Two immediate beefs with the album.  Length is first because this is a double album with 22 damn songs and almost an hour and a half of runtime.  This is too damn long, man.  Just keep the best 14 tracks, right at an hour, and drop the dead weight.  Second, more of the bad ass tracks with T.I. and Bun B and Pimp C, but less of the jenky R&B garbage like the track with "Lloyd."  Less of "Layup" as well.  So over the tired Chris Brown-esque hooks everyone thinks they need to do for a rap track. 

But aside from those, get down with the T.I. trunk rattler "Big Bank," Outkast-esque tracks like "Get Up 2 Come Down," the UGK songs like "Ride Wit Me," or the pure bombastic stuff like "Subenstein (My Sub IV)."

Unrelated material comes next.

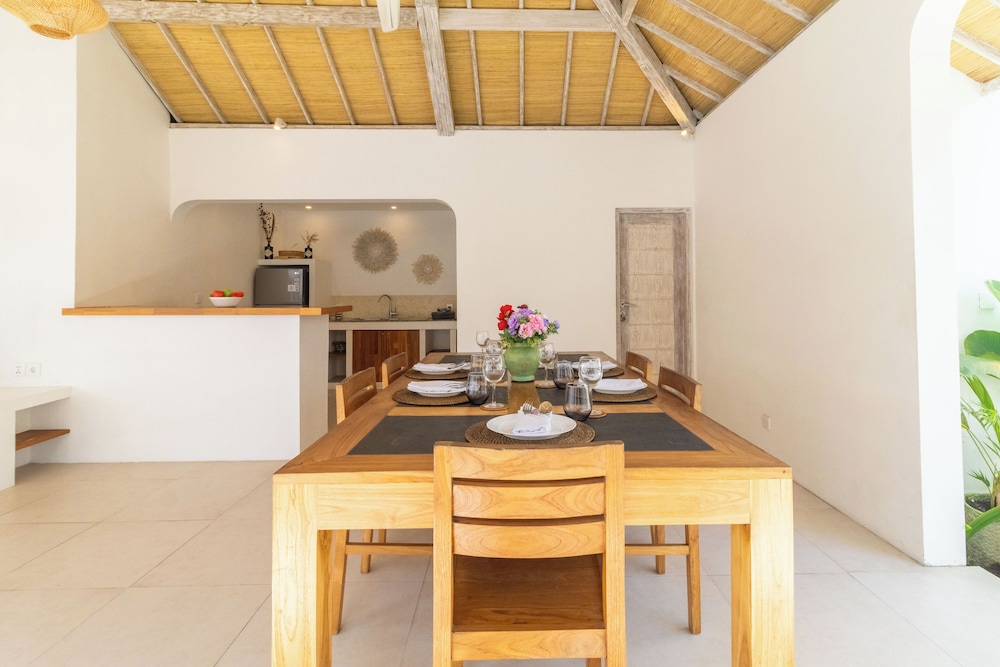 Villa Cocodrilos 1 by Pertama Management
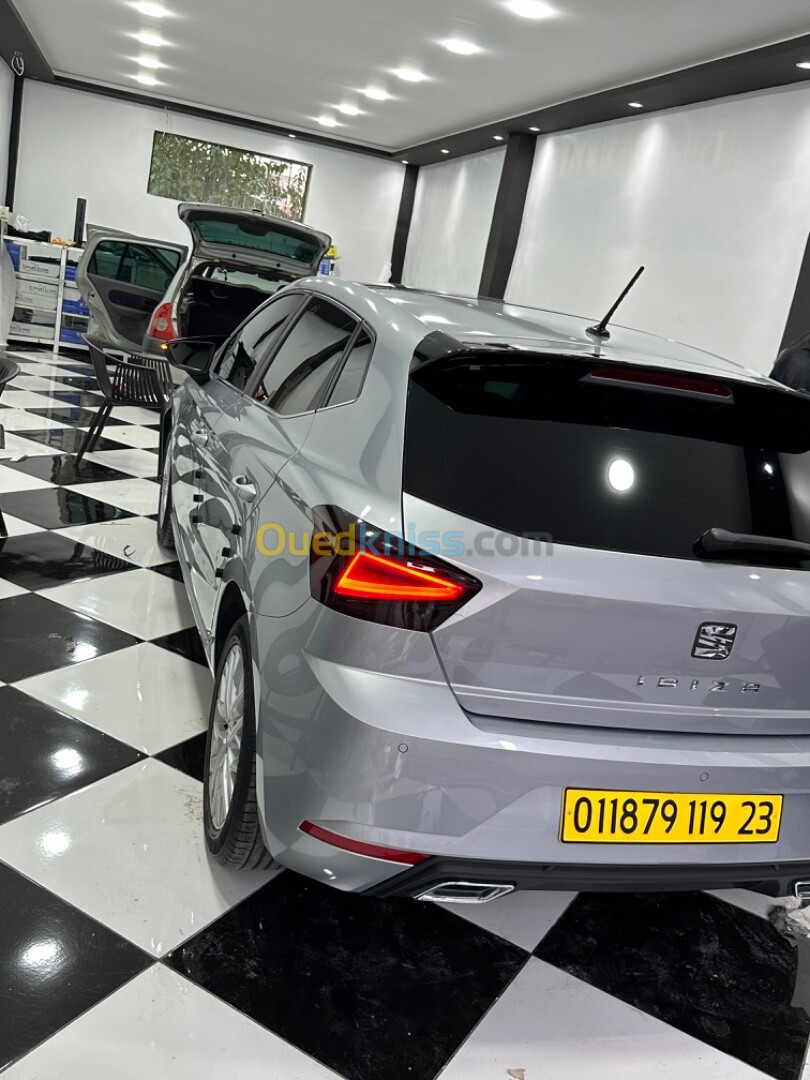 Seat Ibiza 2019 HIGH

I need to go buy a 1994 Suburban, add a lift kit and tractor tires, install 40 20" subwoofers in the back, and then just drive up and down Congress Ave. all day tomorrow with that track turned up to 11.  That isn't the best song on the album, but I dig it.  Just banging.  "Aux Cord" is cool - sounds like an old school beat and Kendrick rhymes.  The top track on the album is the second one, "Confetti," with 1.3 million streams.
That one is OK, nothing special to me.  Plain jane beat until about half way through the track when a new bass section morphs in.  Uninteresting lyrics.  Not sure why that one would have so many listens.  I think the first disc is superior to the second disc, which seems to do less of the bangers and more of the singers.  Not to say the second album is bad, its just a different sound.  And shit gets real, on tracks like "Drinking Sessions" (about his alcohol struggles) and "The Light" (sounds kind of Kendrick-esque, Common-esque, with a full on jazz band going to town as he raps about social injustice issues).  The opening track of the first disc is called "Big K.R.I.T.," and the opening song of the second disc is "Justin Scott," so maybe these are supposed to reflect the two sides of him, his rapper name and his real name.

Good album overall.  I won't even call it uneven, even though this review kind of leaned that direction, I just think that there are so many facets here that you can't go into the listen expecting only one thing.  Pretty cool stuff, and I'll keep working on it.